■ **WHAT IS NEEDED**:
An acceptable answer contains each line of the material, unchanged.

..........

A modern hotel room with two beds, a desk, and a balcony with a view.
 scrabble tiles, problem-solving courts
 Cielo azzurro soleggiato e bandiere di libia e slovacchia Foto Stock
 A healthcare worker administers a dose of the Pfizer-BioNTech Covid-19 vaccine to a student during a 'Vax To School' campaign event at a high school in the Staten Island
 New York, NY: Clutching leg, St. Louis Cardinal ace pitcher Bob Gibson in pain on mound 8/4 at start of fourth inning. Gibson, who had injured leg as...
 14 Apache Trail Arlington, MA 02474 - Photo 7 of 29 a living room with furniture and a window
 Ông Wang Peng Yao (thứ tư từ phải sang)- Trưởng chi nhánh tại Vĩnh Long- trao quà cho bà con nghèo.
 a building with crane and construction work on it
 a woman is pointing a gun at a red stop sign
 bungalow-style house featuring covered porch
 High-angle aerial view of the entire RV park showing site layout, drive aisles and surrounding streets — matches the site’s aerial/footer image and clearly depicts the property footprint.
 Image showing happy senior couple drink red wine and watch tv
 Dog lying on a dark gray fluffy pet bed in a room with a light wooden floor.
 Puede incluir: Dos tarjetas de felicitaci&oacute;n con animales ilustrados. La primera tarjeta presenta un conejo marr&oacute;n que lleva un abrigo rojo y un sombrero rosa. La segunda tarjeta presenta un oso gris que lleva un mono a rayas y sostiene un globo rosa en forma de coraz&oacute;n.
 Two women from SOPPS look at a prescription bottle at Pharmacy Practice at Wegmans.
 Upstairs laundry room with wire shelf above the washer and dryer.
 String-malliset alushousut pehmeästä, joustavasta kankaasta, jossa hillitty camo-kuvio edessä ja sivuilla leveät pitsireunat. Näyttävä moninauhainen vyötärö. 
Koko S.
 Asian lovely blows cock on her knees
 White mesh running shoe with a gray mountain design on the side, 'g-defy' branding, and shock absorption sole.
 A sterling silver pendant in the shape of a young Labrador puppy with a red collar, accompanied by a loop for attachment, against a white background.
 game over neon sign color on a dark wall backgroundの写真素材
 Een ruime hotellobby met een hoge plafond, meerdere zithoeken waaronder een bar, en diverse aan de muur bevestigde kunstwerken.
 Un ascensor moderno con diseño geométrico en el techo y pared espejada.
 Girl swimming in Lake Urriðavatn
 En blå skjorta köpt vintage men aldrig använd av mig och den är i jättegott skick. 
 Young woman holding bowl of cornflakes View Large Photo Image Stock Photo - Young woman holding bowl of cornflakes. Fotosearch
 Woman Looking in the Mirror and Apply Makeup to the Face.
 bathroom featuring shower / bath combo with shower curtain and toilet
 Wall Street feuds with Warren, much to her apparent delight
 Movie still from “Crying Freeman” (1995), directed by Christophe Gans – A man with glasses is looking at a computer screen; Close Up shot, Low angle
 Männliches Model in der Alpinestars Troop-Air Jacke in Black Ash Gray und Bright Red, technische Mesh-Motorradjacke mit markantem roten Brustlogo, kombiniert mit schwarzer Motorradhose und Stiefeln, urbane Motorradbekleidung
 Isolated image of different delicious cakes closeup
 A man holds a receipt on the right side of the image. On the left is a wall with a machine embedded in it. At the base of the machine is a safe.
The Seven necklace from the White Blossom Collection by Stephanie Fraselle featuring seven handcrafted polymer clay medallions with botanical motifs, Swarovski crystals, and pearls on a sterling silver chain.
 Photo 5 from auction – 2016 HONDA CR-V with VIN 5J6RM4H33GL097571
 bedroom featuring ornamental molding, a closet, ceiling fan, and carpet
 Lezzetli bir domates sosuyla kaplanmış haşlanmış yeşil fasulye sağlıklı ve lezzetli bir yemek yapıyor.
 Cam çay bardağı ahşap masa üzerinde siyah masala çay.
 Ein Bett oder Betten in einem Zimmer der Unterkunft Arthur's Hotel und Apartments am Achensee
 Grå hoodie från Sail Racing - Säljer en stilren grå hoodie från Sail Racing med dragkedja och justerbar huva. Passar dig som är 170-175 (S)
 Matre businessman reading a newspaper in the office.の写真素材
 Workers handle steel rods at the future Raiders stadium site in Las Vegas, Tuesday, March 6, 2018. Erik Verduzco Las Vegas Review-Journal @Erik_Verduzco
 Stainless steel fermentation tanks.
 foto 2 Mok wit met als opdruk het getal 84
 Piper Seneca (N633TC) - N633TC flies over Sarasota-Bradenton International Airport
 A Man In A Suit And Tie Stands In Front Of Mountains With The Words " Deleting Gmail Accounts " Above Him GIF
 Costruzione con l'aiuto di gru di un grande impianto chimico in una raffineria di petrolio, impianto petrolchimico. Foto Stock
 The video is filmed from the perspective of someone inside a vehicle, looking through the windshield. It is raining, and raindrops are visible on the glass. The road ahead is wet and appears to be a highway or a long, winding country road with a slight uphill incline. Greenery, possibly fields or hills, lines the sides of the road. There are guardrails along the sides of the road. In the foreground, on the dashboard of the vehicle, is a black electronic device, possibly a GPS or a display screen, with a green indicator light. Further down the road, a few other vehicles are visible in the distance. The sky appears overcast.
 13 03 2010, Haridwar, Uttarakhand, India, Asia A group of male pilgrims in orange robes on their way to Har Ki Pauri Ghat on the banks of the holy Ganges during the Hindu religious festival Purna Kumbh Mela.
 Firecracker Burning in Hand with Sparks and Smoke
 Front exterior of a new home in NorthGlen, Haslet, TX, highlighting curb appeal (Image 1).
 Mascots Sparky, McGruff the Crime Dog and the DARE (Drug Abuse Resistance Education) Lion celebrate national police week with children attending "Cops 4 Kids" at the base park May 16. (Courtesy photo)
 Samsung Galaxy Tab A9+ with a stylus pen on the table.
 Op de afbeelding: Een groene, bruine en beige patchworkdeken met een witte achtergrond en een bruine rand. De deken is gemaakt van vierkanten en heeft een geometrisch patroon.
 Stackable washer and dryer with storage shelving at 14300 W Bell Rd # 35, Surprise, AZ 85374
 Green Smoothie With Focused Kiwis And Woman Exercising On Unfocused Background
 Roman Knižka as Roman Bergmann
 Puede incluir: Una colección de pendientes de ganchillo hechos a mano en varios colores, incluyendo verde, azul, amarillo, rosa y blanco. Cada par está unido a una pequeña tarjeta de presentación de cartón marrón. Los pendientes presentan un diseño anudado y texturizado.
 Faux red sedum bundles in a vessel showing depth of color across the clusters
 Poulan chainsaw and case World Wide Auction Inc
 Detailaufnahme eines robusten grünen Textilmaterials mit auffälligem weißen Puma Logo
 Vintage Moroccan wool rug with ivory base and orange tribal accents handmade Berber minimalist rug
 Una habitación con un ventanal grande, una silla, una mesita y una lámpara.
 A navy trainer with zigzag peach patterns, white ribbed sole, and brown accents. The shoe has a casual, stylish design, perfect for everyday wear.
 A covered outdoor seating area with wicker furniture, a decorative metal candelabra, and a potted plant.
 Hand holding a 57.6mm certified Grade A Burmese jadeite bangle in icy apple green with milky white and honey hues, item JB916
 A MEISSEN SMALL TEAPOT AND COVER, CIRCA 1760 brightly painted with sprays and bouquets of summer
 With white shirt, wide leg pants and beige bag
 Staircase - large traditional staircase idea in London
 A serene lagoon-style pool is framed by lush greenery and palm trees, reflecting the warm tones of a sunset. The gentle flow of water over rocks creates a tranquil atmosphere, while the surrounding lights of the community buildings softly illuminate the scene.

..........

■ **TASK ANSWER**:
A modern hotel room with two beds, a desk, and a balcony with a view.
 scrabble tiles, problem-solving courts
 Cielo azzurro soleggiato e bandiere di libia e slovacchia Foto Stock
 A healthcare worker administers a dose of the Pfizer-BioNTech Covid-19 vaccine to a student during a 'Vax To School' campaign event at a high school in the Staten Island
 New York, NY: Clutching leg, St. Louis Cardinal ace pitcher Bob Gibson in pain on mound 8/4 at start of fourth inning. Gibson, who had injured leg as...
 14 Apache Trail Arlington, MA 02474 - Photo 7 of 29 a living room with furniture and a window
 Ông Wang Peng Yao (thứ tư từ phải sang)- Trưởng chi nhánh tại Vĩnh Long- trao quà cho bà con nghèo.
 a building with crane and construction work on it
 a woman is pointing a gun at a red stop sign
 bungalow-style house featuring covered porch
 High-angle aerial view of the entire RV park showing site layout, drive aisles and surrounding streets — matches the site’s aerial/footer image and clearly depicts the property footprint.
 Image showing happy senior couple drink red wine and watch tv
 Dog lying on a dark gray fluffy pet bed in a room with a light wooden floor.
 Puede incluir: Dos tarjetas de felicitaci&oacute;n con animales ilustrados. La primera tarjeta presenta un conejo marr&oacute;n que lleva un abrigo rojo y un sombrero rosa. La segunda tarjeta presenta un oso gris que lleva un mono a rayas y sostiene un globo rosa en forma de coraz&oacute;n.
 Two women from SOPPS look at a prescription bottle at Pharmacy Practice at Wegmans.
 Upstairs laundry room with wire shelf above the washer and dryer.
 String-malliset alushousut pehmeästä, joustavasta kankaasta, jossa hillitty camo-kuvio edessä ja sivuilla leveät pitsireunat. Näyttävä moninauhainen vyötärö. 
Koko S.
 Asian lovely blows cock on her knees
 White mesh running shoe with a gray mountain design on the side, 'g-defy' branding, and shock absorption sole.
 A sterling silver pendant in the shape of a young Labrador puppy with a red collar, accompanied by a loop for attachment, against a white background.
 game over neon sign color on a dark wall backgroundの写真素材
 Een ruime hotellobby met een hoge plafond, meerdere zithoeken waaronder een bar, en diverse aan de muur bevestigde kunstwerken.
 Un ascensor moderno con diseño geométrico en el techo y pared espejada.
 Girl swimming in Lake Urriðavatn
 En blå skjorta köpt vintage men aldrig använd av mig och den är i jättegott skick. 
 Young woman holding bowl of cornflakes View Large Photo Image Stock Photo - Young woman holding bowl of cornflakes. Fotosearch
 Woman Looking in the Mirror and Apply Makeup to the Face.
 bathroom featuring shower / bath combo with shower curtain and toilet
 Wall Street feuds with Warren, much to her apparent delight
 Movie still from “Crying Freeman” (1995), directed by Christophe Gans – A man with glasses is looking at a computer screen; Close Up shot, Low angle
 Männliches Model in der Alpinestars Troop-Air Jacke in Black Ash Gray und Bright Red, technische Mesh-Motorradjacke mit markantem roten Brustlogo, kombiniert mit schwarzer Motorradhose und Stiefeln, urbane Motorradbekleidung
 Isolated image of different delicious cakes closeup
 A man holds a receipt on the right side of the image. On the left is a wall with a machine embedded in it. At the base of the machine is a safe.
The Seven necklace from the White Blossom Collection by Stephanie Fraselle featuring seven handcrafted polymer clay medallions with botanical motifs, Swarovski crystals, and pearls on a sterling silver chain.
 Photo 5 from auction – 2016 HONDA CR-V with VIN 5J6RM4H33GL097571
 bedroom featuring ornamental molding, a closet, ceiling fan, and carpet
 Lezzetli bir domates sosuyla kaplanmış haşlanmış yeşil fasulye sağlıklı ve lezzetli bir yemek yapıyor.
 Cam çay bardağı ahşap masa üzerinde siyah masala çay.
 Ein Bett oder Betten in einem Zimmer der Unterkunft Arthur's Hotel und Apartments am Achensee
 Grå hoodie från Sail Racing - Säljer en stilren grå hoodie från Sail Racing med dragkedja och justerbar huva. Passar dig som är 170-175 (S)
 Matre businessman reading a newspaper in the office.の写真素材
 Workers handle steel rods at the future Raiders stadium site in Las Vegas, Tuesday, March 6, 2018. Erik Verduzco Las Vegas Review-Journal @Erik_Verduzco
 Stainless steel fermentation tanks.
 foto 2 Mok wit met als opdruk het getal 84
 Piper Seneca (N633TC) - N633TC flies over Sarasota-Bradenton International Airport
 A Man In A Suit And Tie Stands In Front Of Mountains With The Words " Deleting Gmail Accounts " Above Him GIF
 Costruzione con l'aiuto di gru di un grande impianto chimico in una raffineria di petrolio, impianto petrolchimico. Foto Stock
 The video is filmed from the perspective of someone inside a vehicle, looking through the windshield. It is raining, and raindrops are visible on the glass. The road ahead is wet and appears to be a highway or a long, winding country road with a slight uphill incline. Greenery, possibly fields or hills, lines the sides of the road. There are guardrails along the sides of the road. In the foreground, on the dashboard of the vehicle, is a black electronic device, possibly a GPS or a display screen, with a green indicator light. Further down the road, a few other vehicles are visible in the distance. The sky appears overcast.
 13 03 2010, Haridwar, Uttarakhand, India, Asia A group of male pilgrims in orange robes on their way to Har Ki Pauri Ghat on the banks of the holy Ganges during the Hindu religious festival Purna Kumbh Mela.
 Firecracker Burning in Hand with Sparks and Smoke
 Front exterior of a new home in NorthGlen, Haslet, TX, highlighting curb appeal (Image 1).
 Mascots Sparky, McGruff the Crime Dog and the DARE (Drug Abuse Resistance Education) Lion celebrate national police week with children attending "Cops 4 Kids" at the base park May 16. (Courtesy photo)
 Samsung Galaxy Tab A9+ with a stylus pen on the table.
 Op de afbeelding: Een groene, bruine en beige patchworkdeken met een witte achtergrond en een bruine rand. De deken is gemaakt van vierkanten en heeft een geometrisch patroon.
 Stackable washer and dryer with storage shelving at 14300 W Bell Rd # 35, Surprise, AZ 85374
 Green Smoothie With Focused Kiwis And Woman Exercising On Unfocused Background
 Roman Knižka as Roman Bergmann
 Puede incluir: Una colección de pendientes de ganchillo hechos a mano en varios colores, incluyendo verde, azul, amarillo, rosa y blanco. Cada par está unido a una pequeña tarjeta de presentación de cartón marrón. Los pendientes presentan un diseño anudado y texturizado.
 Faux red sedum bundles in a vessel showing depth of color across the clusters
 Poulan chainsaw and case World Wide Auction Inc
 Detailaufnahme eines robusten grünen Textilmaterials mit auffälligem weißen Puma Logo
 Vintage Moroccan wool rug with ivory base and orange tribal accents handmade Berber minimalist rug
 Una habitación con un ventanal grande, una silla, una mesita y una lámpara.
 A navy trainer with zigzag peach patterns, white ribbed sole, and brown accents. The shoe has a casual, stylish design, perfect for everyday wear.
 A covered outdoor seating area with wicker furniture, a decorative metal candelabra, and a potted plant.
 Hand holding a 57.6mm certified Grade A Burmese jadeite bangle in icy apple green with milky white and honey hues, item JB916
 A MEISSEN SMALL TEAPOT AND COVER, CIRCA 1760 brightly painted with sprays and bouquets of summer
 With white shirt, wide leg pants and beige bag
 Staircase - large traditional staircase idea in London
 A serene lagoon-style pool is framed by lush greenery and palm trees, reflecting the warm tones of a sunset. The gentle flow of water over rocks creates a tranquil atmosphere, while the surrounding lights of the community buildings softly illuminate the scene.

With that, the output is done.